**Task material:**
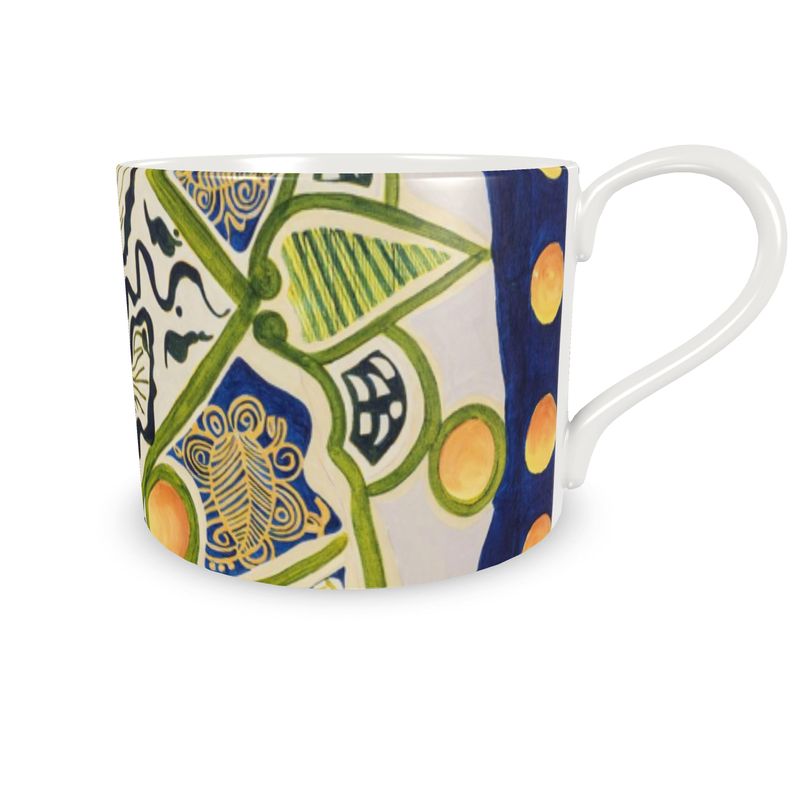 Tea Coffee Cup & Saucer - Triangles and Snakes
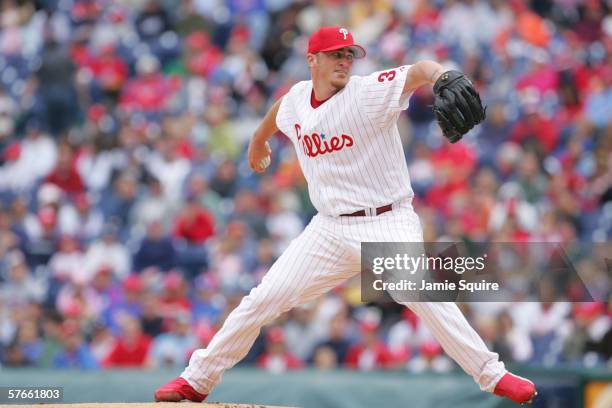 Starting pitcher Brett Myers of the Philadelphia Phillies pitches against the Florida Marlins on April 23, 2006 at Citizens Bank Park in...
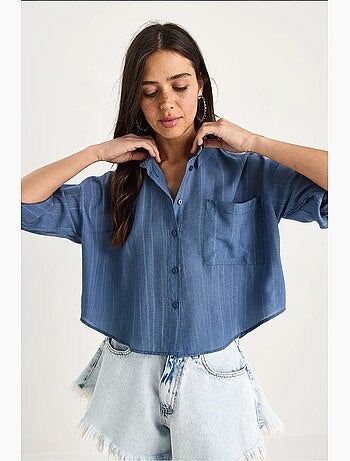 Chemise rayée à manches courtes et poche unique lucci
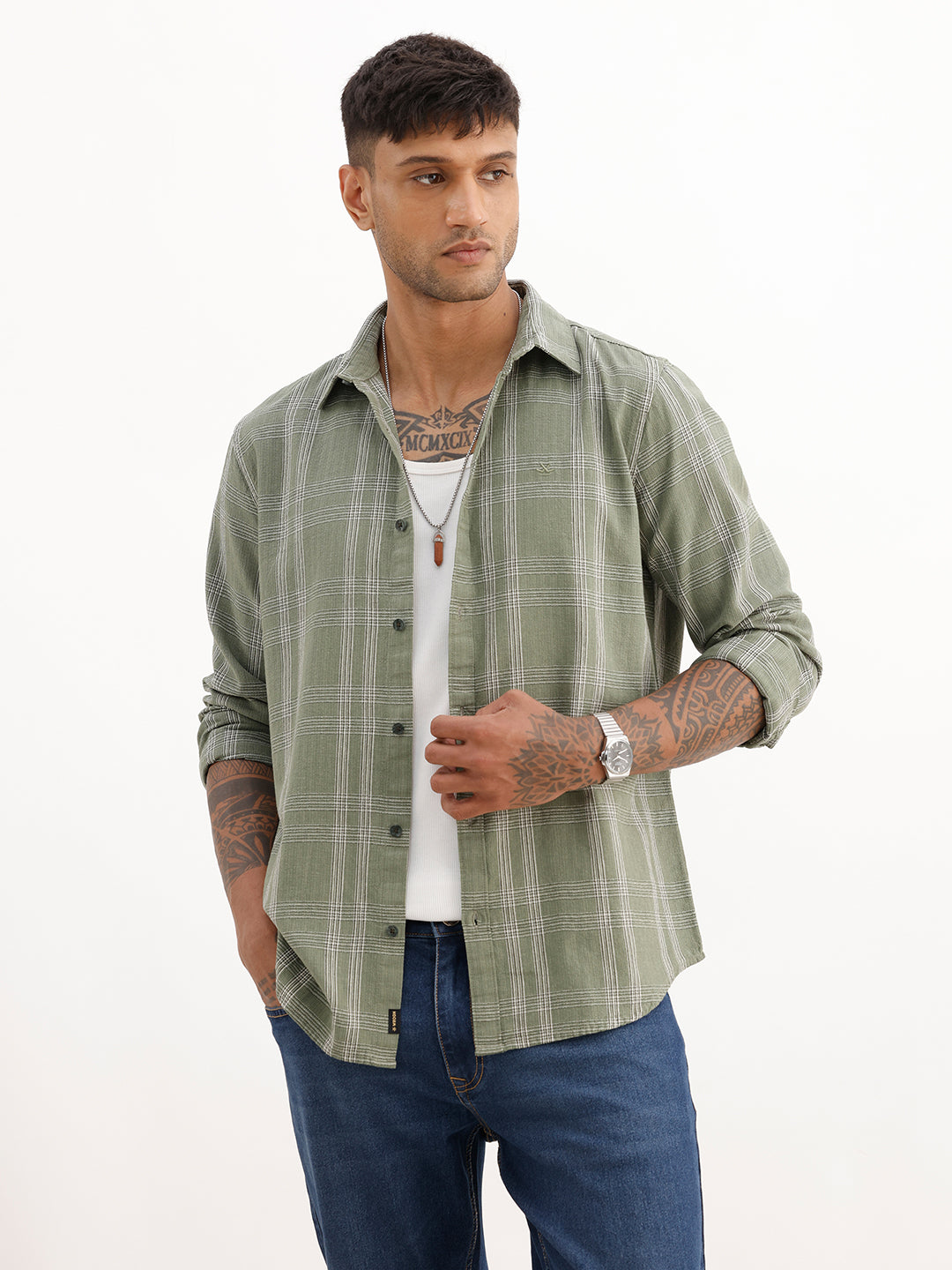 Slim Fit Checkered Full Sleeve Shirt | Green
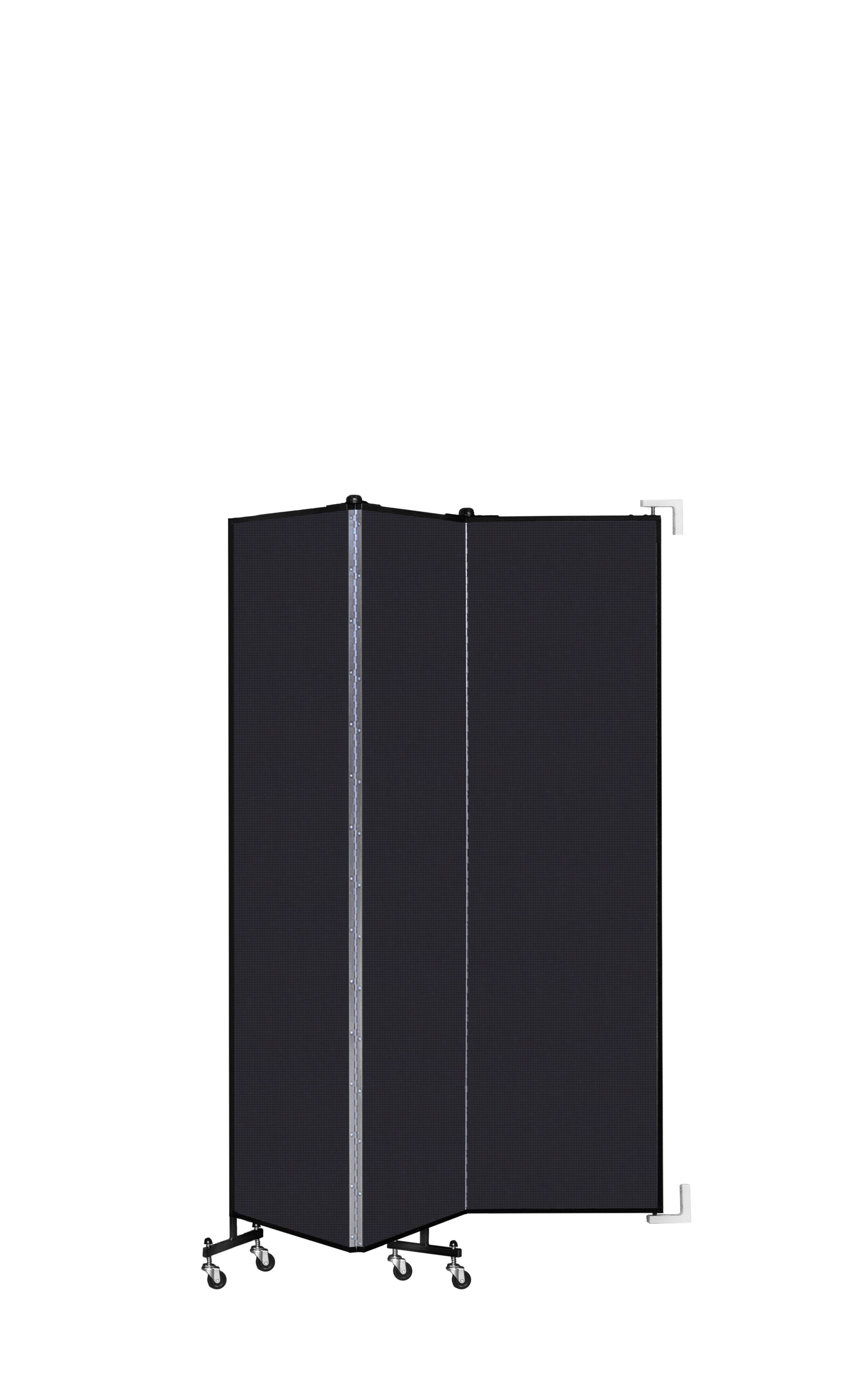 Wallmount Room Divider - 6' 8"H x 5' 6"L - 3 Panel, Black, Fabric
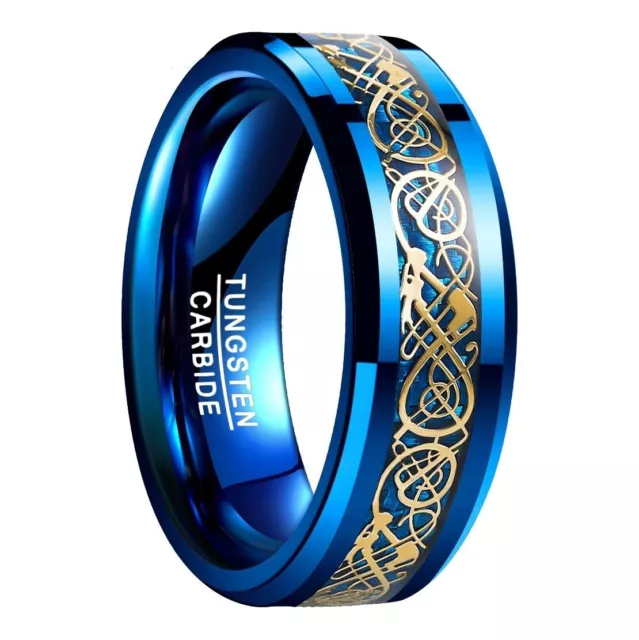 8MM Blue Tungsten Ring Celtic Dargon Classic Men Women Engagement Gift Jewelry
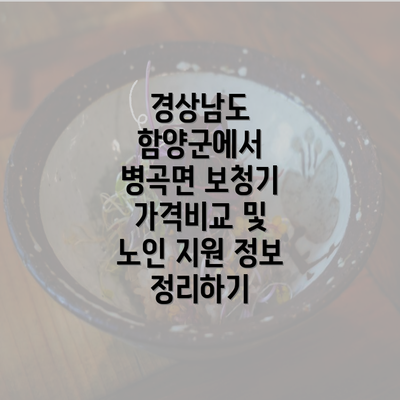 경상남도 함양군에서 병곡면 보청기 가격비교 및 노인 지원 정보 정리하기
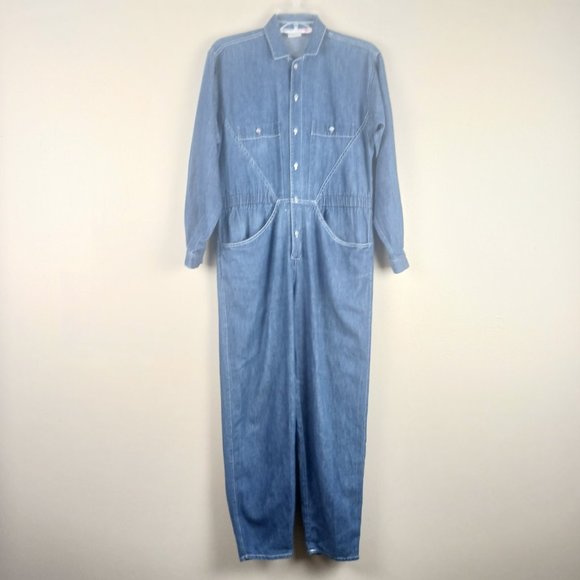 Calvin Klein Sport| Vintage Chambray Soft Denim Jumpsuit Size Petite - Picture 2 of 5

**Your task:** Which lines run from the one containing "경상남도 함양군에서 병곡면 보청기 가격비교 및 노인 지원 정보 정리하기" to the end of the entries above? Write them out exactly, leaving out every picture.

**Result for this exercise:**
 경상남도 함양군에서 병곡면 보청기 가격비교 및 노인 지원 정보 정리하기
 Calvin Klein Sport| Vintage Chambray Soft Denim Jumpsuit Size Petite - Picture 2 of 5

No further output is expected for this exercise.